To do: Only the lines from the beginning of the listing below through the line with "Artikelbild 3 für" belong in the answer; please print them exactly and drop the pictures.
Content starts
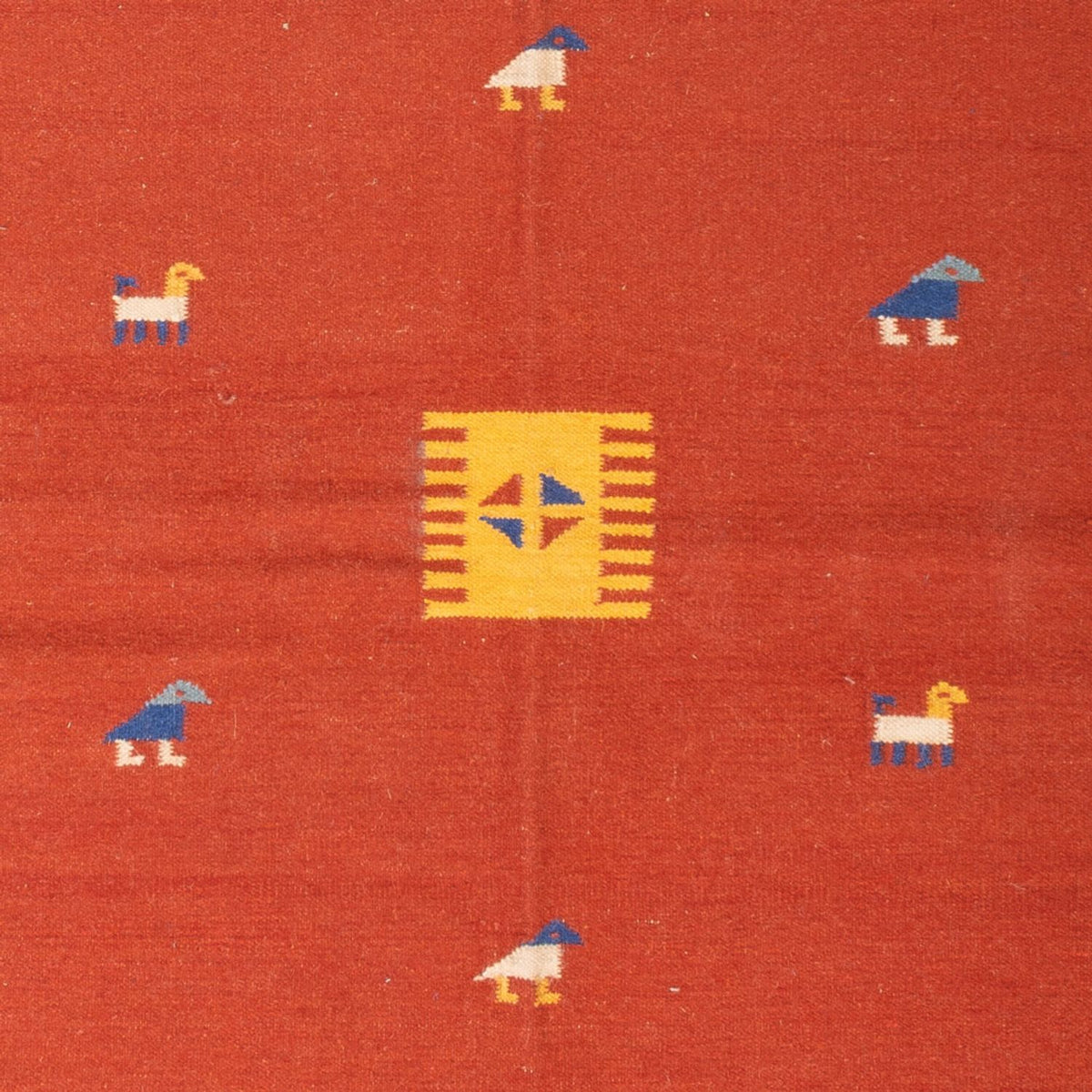 Kelim matta - trendig - 200 x 140 cm - flerfärgad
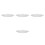 4Pcs Transparent Heat Resistant Steamer Covers Easy Clean Kitchen Lids 10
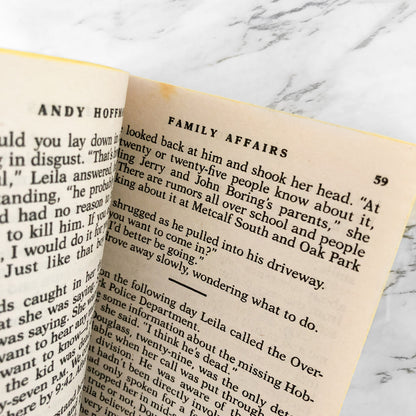 Family Affairs by Andy Hoffman [FIRST EDITION PAPERBACK] 1992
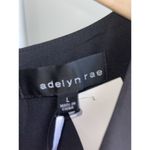 Adelyn Rae NWT  Knee High Black Dress With multi Color Design. Size Large Photo 3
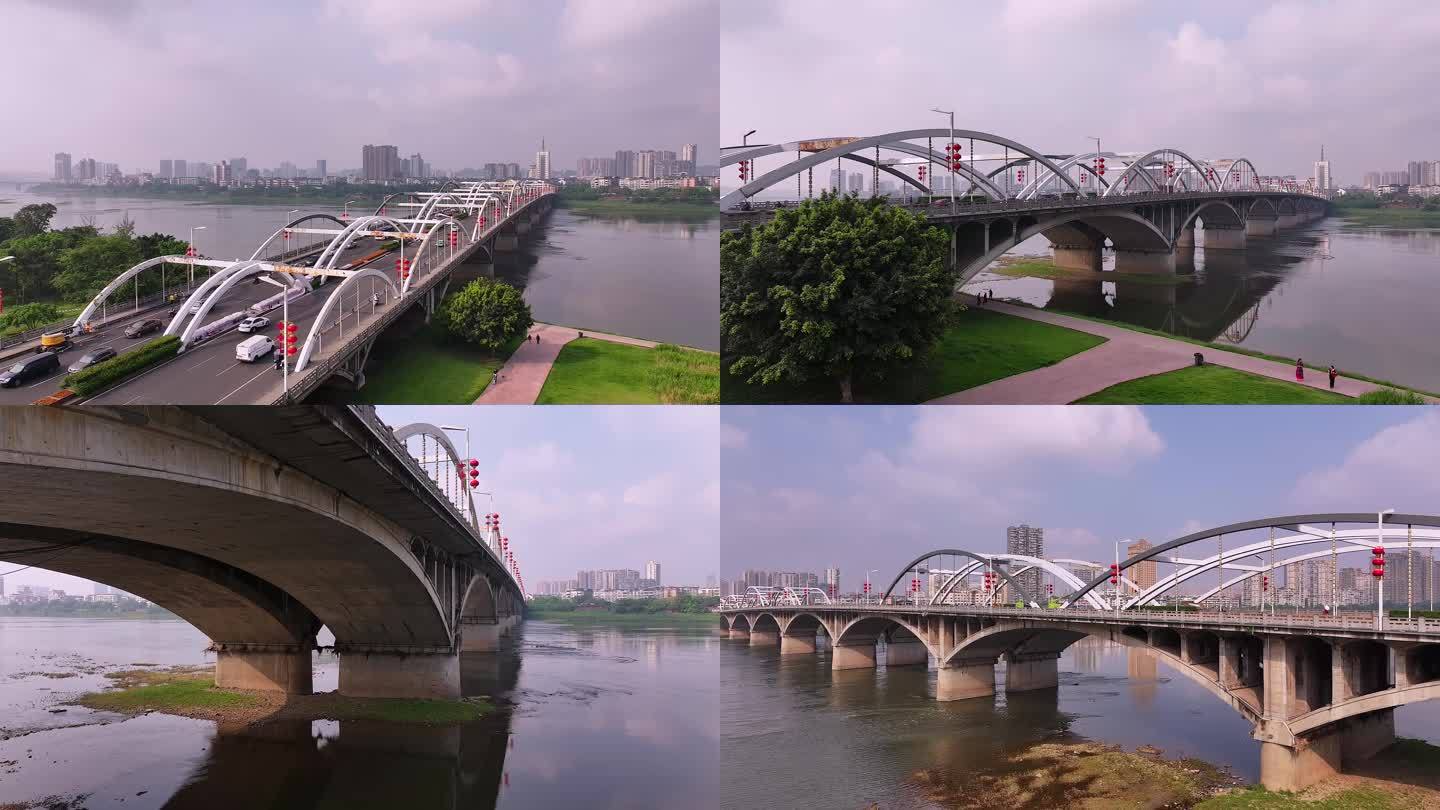 乐山地标岷江二桥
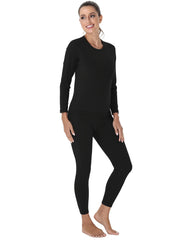 2pc Warm Yoga Set: Thermal Top & Workout Leggings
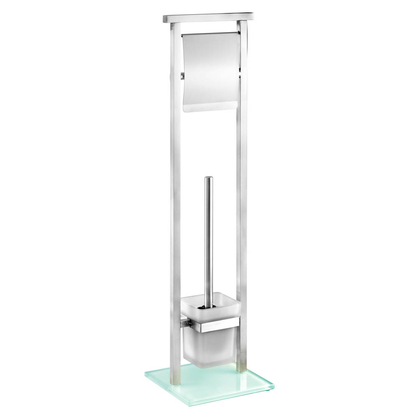 Artikelbild 3 für WENKO WC-Garnitur Debar silber Metall, Artikelnummer 812805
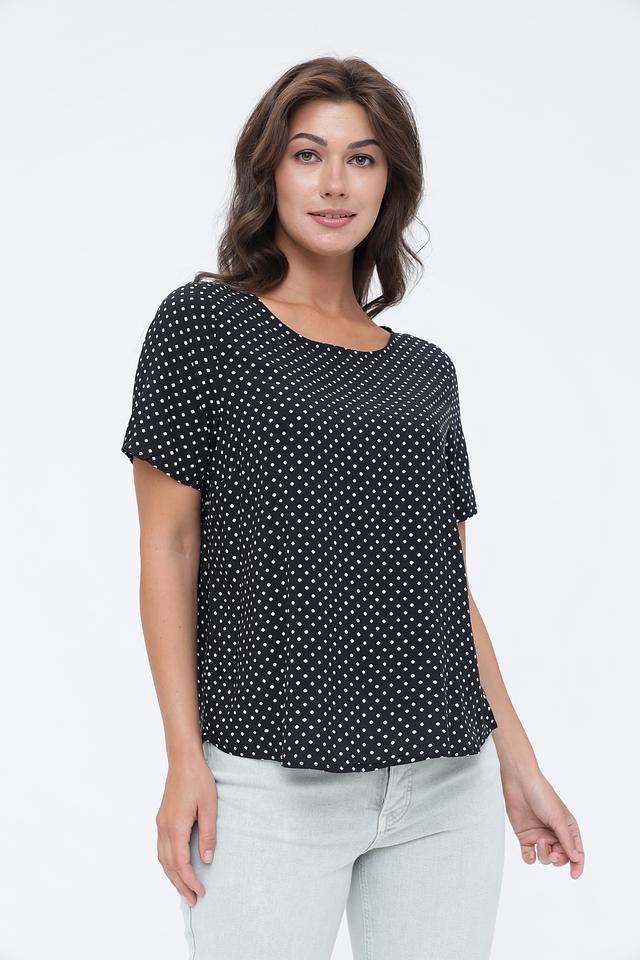 Блуза Broadway в горошек чёрный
Content ends
Solution to the exercise:
 Kelim matta - trendig - 200 x 140 cm - flerfärgad
 4Pcs Transparent Heat Resistant Steamer Covers Easy Clean Kitchen Lids 10
 Family Affairs by Andy Hoffman [FIRST EDITION PAPERBACK] 1992
 Adelyn Rae NWT  Knee High Black Dress With multi Color Design. Size Large Photo 3
 乐山地标岷江二桥
 2pc Warm Yoga Set: Thermal Top & Workout Leggings
 Artikelbild 3 für WENKO WC-Garnitur Debar silber Metall, Artikelnummer 812805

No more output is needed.